With the pictures left out, write out the records verbatim.

Segment Open

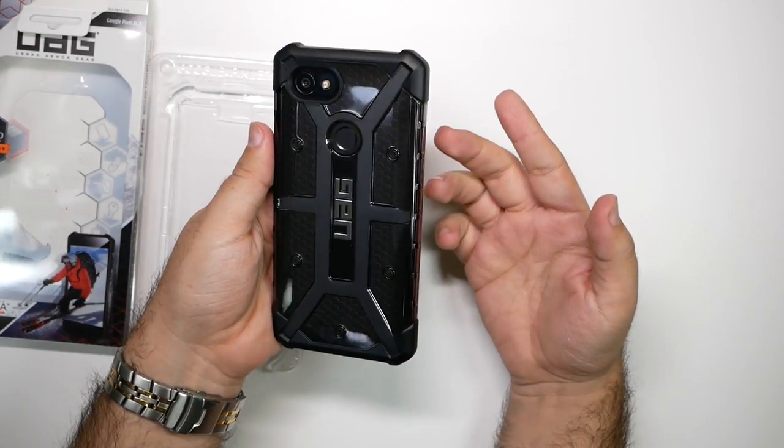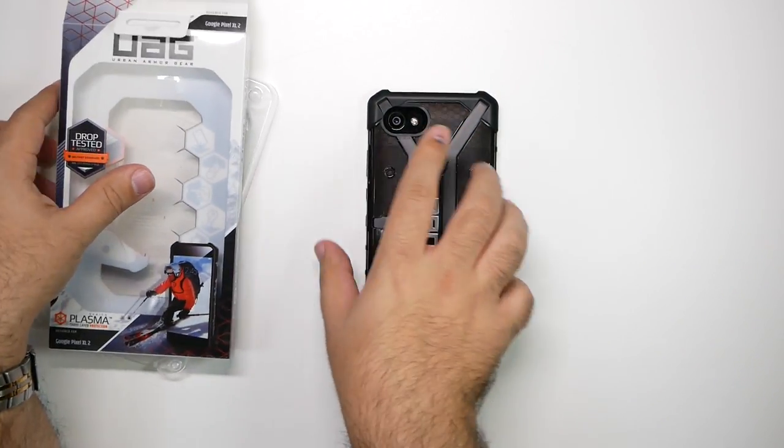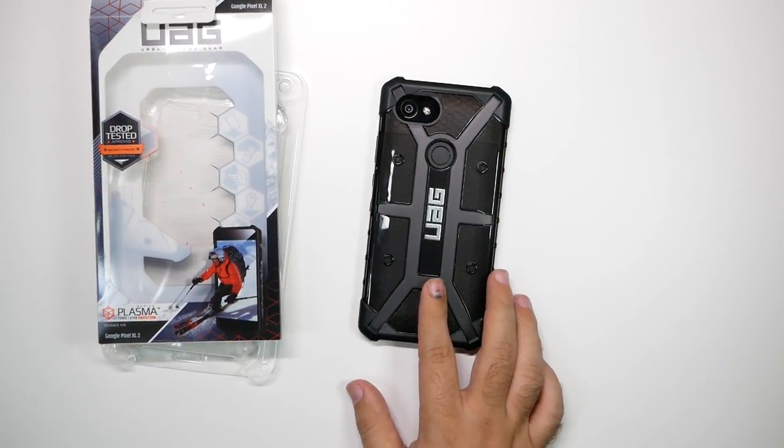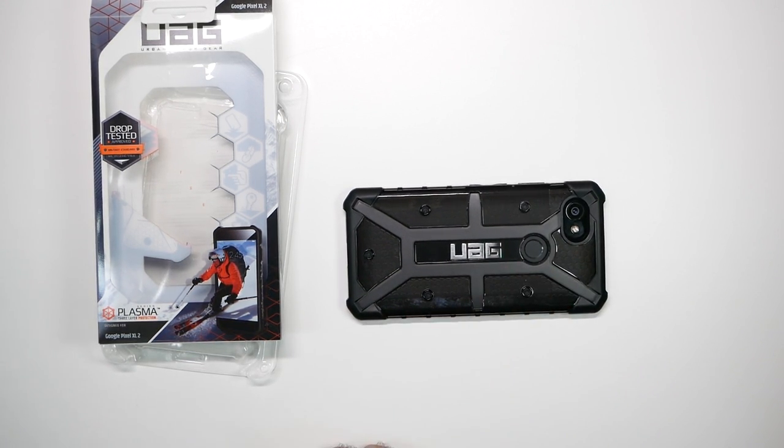Overall, really good looking case. Very durable. I think it's just going to be my new case for my Pixel 2. Let me know your thoughts in the comment section down below. Have you ever used UAG cases, or what is your favorite case? Let me know in the comments.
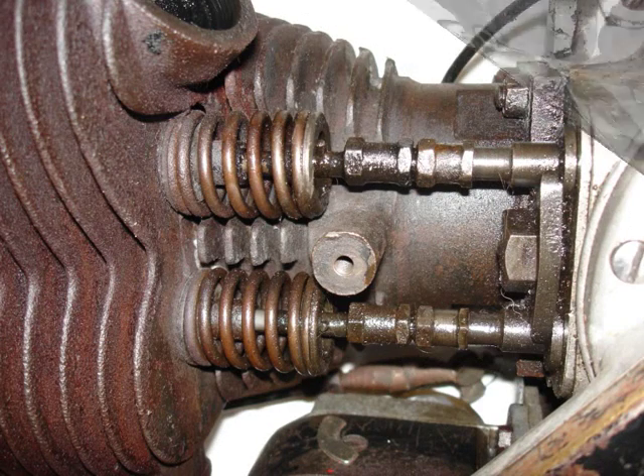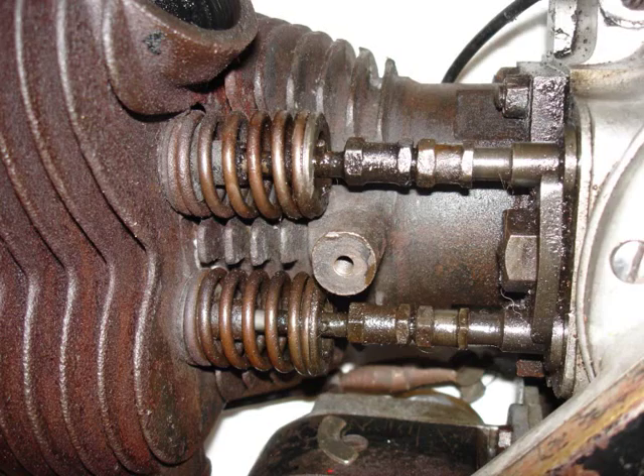At T-minus 3.1 seconds, we'll expect the engine sequence to start on the vehicle.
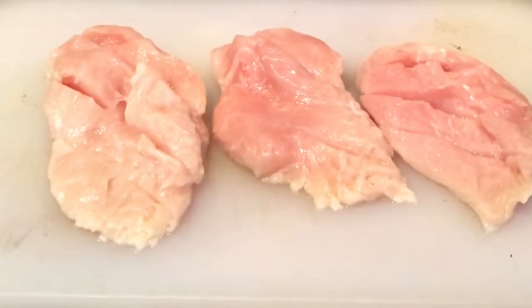Hello guys, welcome back to my channel! For today's recipe we're going to make creamy garlic parmesan chicken.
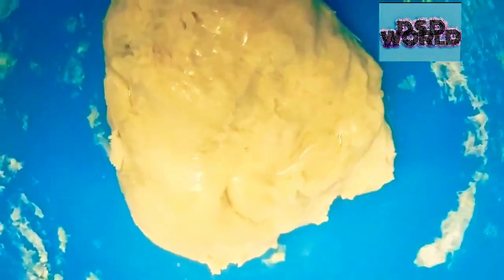Properly mix, then we are going to make a dough. At this point I will be using my hands. I am going to add oil and knead it properly.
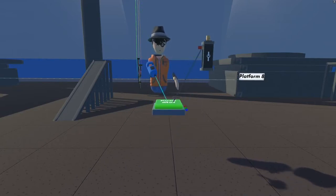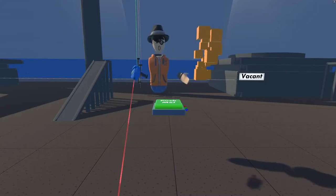Once it's there, just hit the freeze button, delete the clamp, and it'll stay where it is.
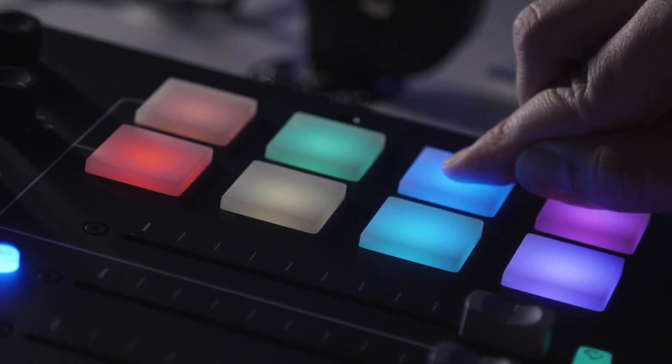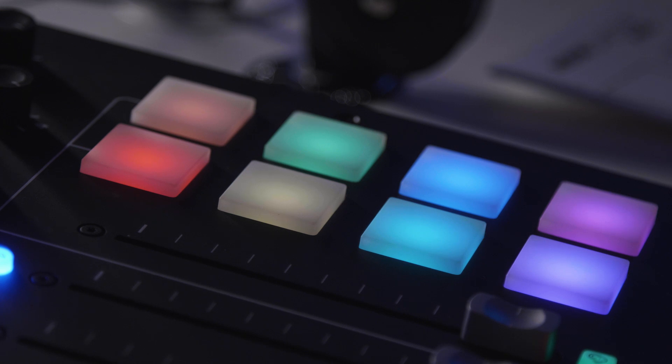But if you do want to stop the sound from playing back once you've already pressed play, you can simply press and hold that pad, and after a few moments the sound will stop playing.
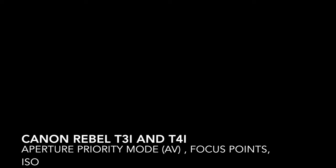In this video, I'm going to go over some of the basics for the Canon Rebel T3i and T4i, specifically looking at aperture priority mode, focus points, and ISO.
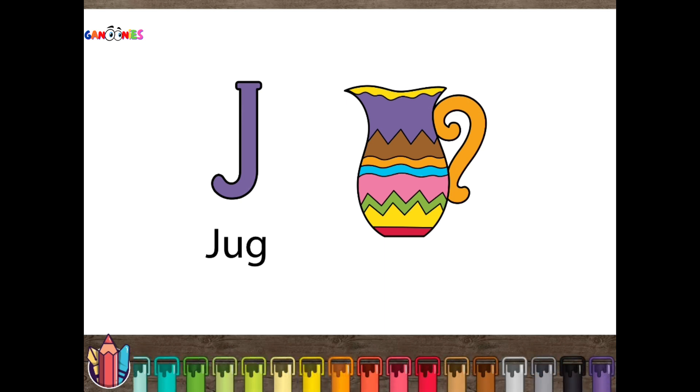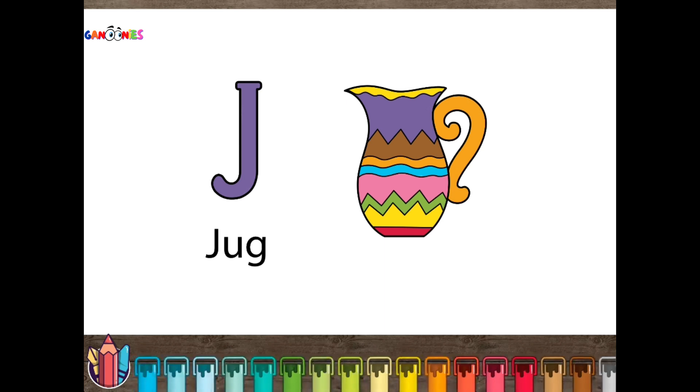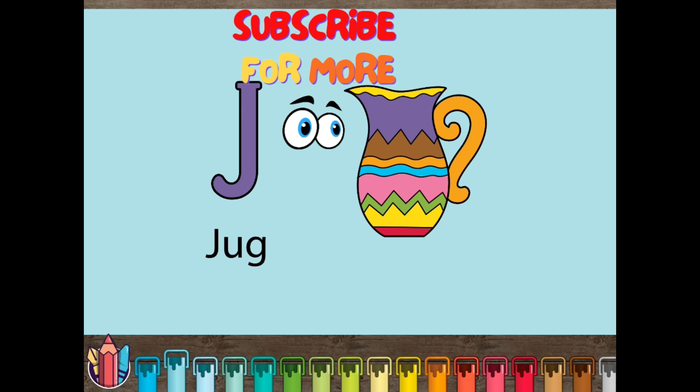Let's make the background light blue. Thank you for learning and coloring with Ganoonies today. Please subscribe for more fun videos. Ganoonies!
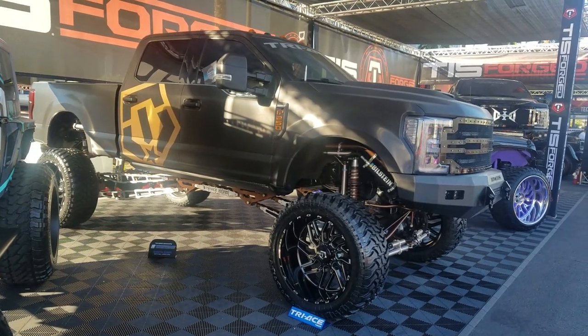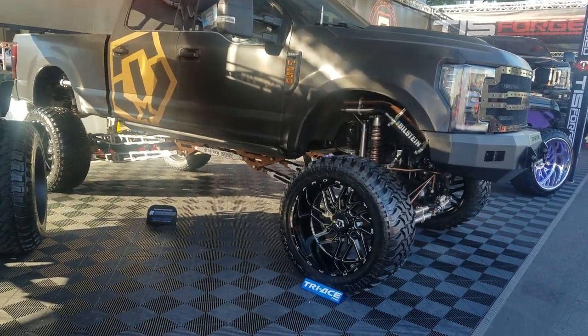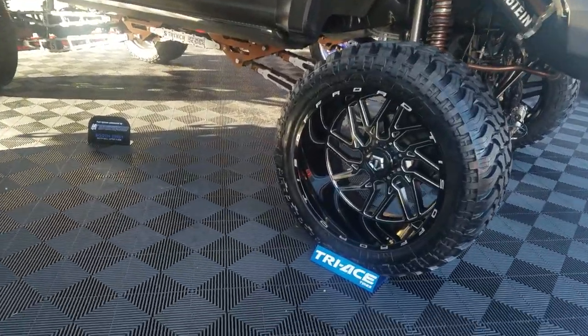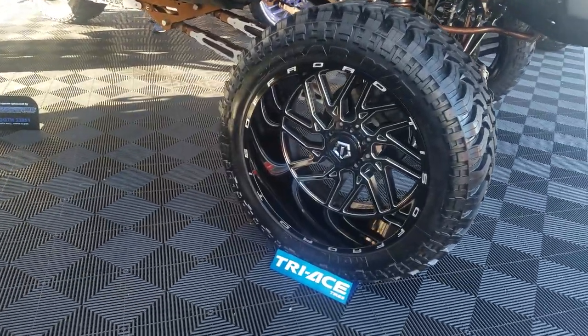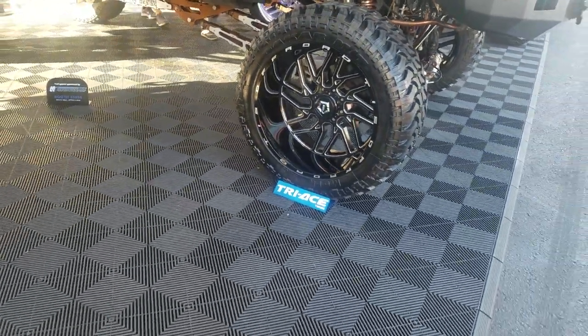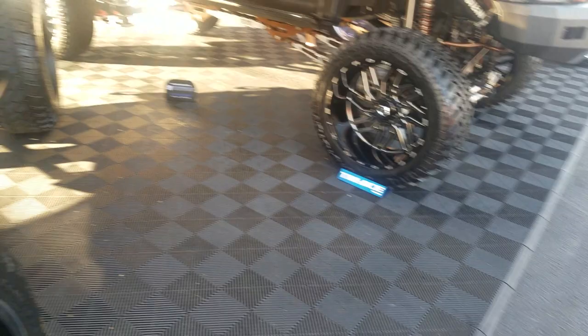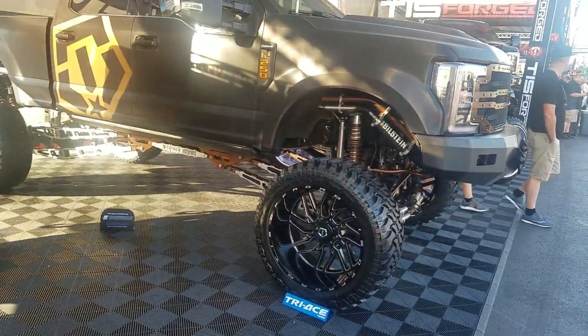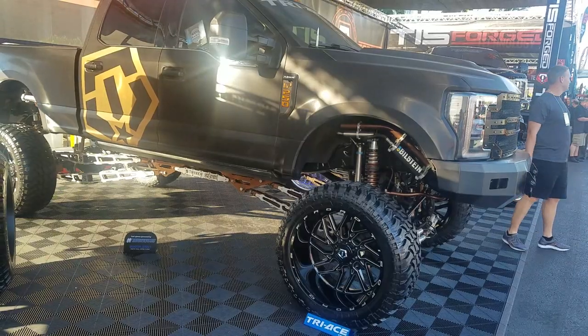Right now we're looking at a Ford F-250 with TIS forged off-road wheels, which we do offer here at Dublin Tires. This is a 28-inch wheel with a 42-inch tire. Great looking setup, great looking wheels. You definitely have to lift it a lot to achieve this look, but it's an awesome look — it's what everybody's doing now.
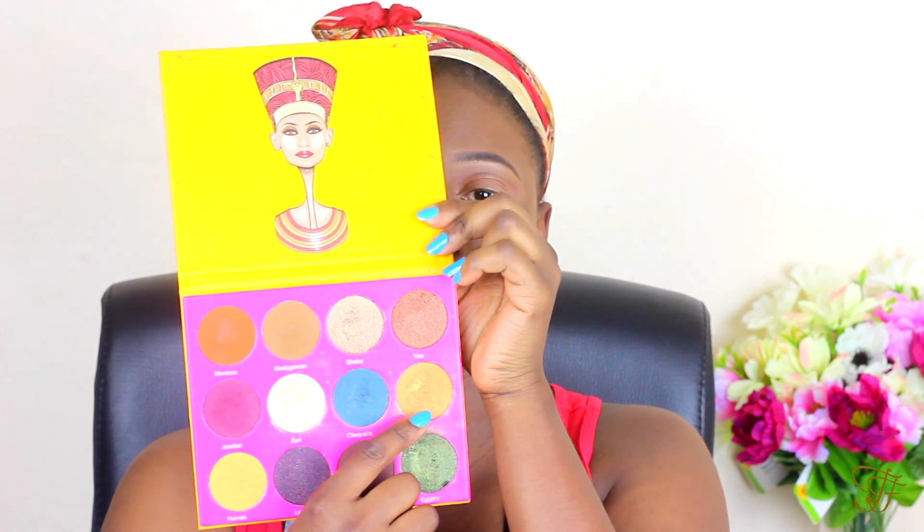Now I'm going in for a gold eye look. I'm going in with that gold shade from the Juvia's Place palette, and I'm going to use that exactly wherever I used the concealer — just going over that same definition I created.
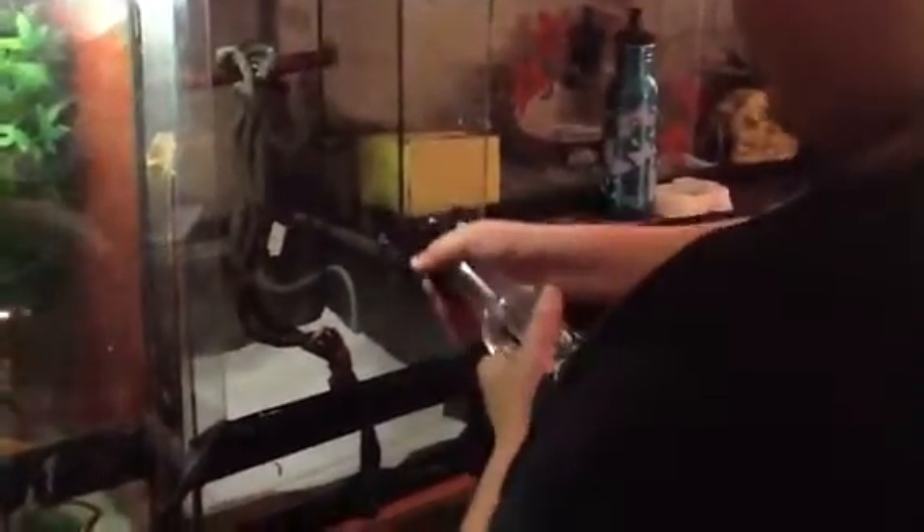First, what you would do is put the substrate in, which is paper towel. You put a few sheets of those — I put three — so it can get really humid in his cage. And then I will spray it so I can get a moist paper towel.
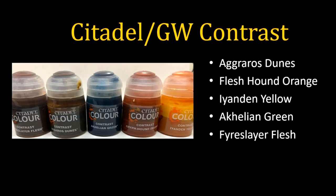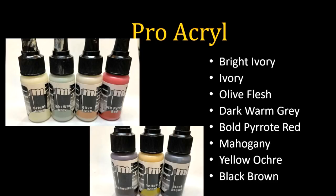Fyreslayer Flesh is much like Reikland Fleshshade only a lot heavier — I'll use both as thin filters, not straight out of the pot. I put them on a palette, thin them with medium, and use them as filters to add tones into flesh tones. Akhelian Green I just love — it's labeled green but it's actually a very blue color, sitting firmly in the blue area of the wheel. It's a super bright blue and a lot of fun, and all these work wonderfully through the airbrush. Pro Acryl is one of my favorite new lines — heavily pigmented, wonderfully opaque, smooth as butter.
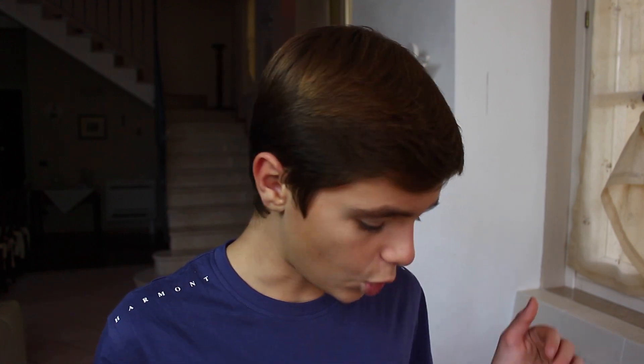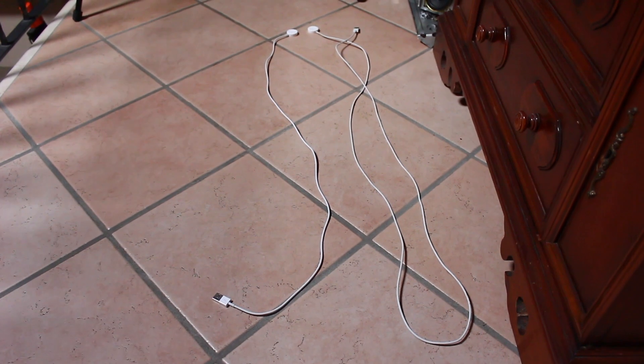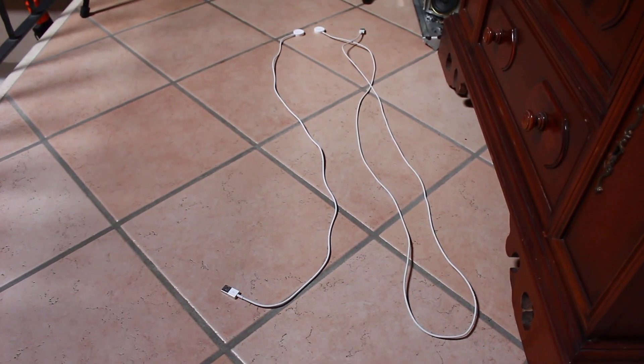Oggi direi di parlare dell'Apple Watch serie 3 versus Apple Watch serie 0. Quali sono le principali differenze? Cominciando dal packaging, abbiamo la differenza ovviamente dal cavo. Il cavo nell'Apple Watch serie 1 era lunghissimo e nel serie 3 invece è cortissimo.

Segment Closed

Task answer:
Overall, really good looking case. Very durable. I think it's just going to be my new case for my Pixel 2. Let me know your thoughts in the comment section down below. Have you ever used UAG cases, or what is your favorite case? Let me know in the comments.
At T-minus 3.1 seconds, we'll expect the engine sequence to start on the vehicle.
Hello guys, welcome back to my channel! For today's recipe we're going to make creamy garlic parmesan chicken.
Properly mix, then we are going to make a dough. At this point I will be using my hands. I am going to add oil and knead it properly.
Once it's there, just hit the freeze button, delete the clamp, and it'll stay where it is.
But if you do want to stop the sound from playing back once you've already pressed play, you can simply press and hold that pad, and after a few moments the sound will stop playing.
In this video, I'm going to go over some of the basics for the Canon Rebel T3i and T4i, specifically looking at aperture priority mode, focus points, and ISO.
Let's make the background light blue. Thank you for learning and coloring with Ganoonies today. Please subscribe for more fun videos. Ganoonies!
Right now we're looking at a Ford F-250 with TIS forged off-road wheels, which we do offer here at Dublin Tires. This is a 28-inch wheel with a 42-inch tire. Great looking setup, great looking wheels. You definitely have to lift it a lot to achieve this look, but it's an awesome look — it's what everybody's doing now.
Now I'm going in for a gold eye look. I'm going in with that gold shade from the Juvia's Place palette, and I'm going to use that exactly wherever I used the concealer — just going over that same definition I created.
First, what you would do is put the substrate in, which is paper towel. You put a few sheets of those — I put three — so it can get really humid in his cage. And then I will spray it so I can get a moist paper towel.
Fyreslayer Flesh is much like Reikland Fleshshade only a lot heavier — I'll use both as thin filters, not straight out of the pot. I put them on a palette, thin them with medium, and use them as filters to add tones into flesh tones. Akhelian Green I just love — it's labeled green but it's actually a very blue color, sitting firmly in the blue area of the wheel. It's a super bright blue and a lot of fun, and all these work wonderfully through the airbrush. Pro Acryl is one of my favorite new lines — heavily pigmented, wonderfully opaque, smooth as butter.
Oggi direi di parlare dell'Apple Watch serie 3 versus Apple Watch serie 0. Quali sono le principali differenze? Cominciando dal packaging, abbiamo la differenza ovviamente dal cavo. Il cavo nell'Apple Watch serie 1 era lunghissimo e nel serie 3 invece è cortissimo.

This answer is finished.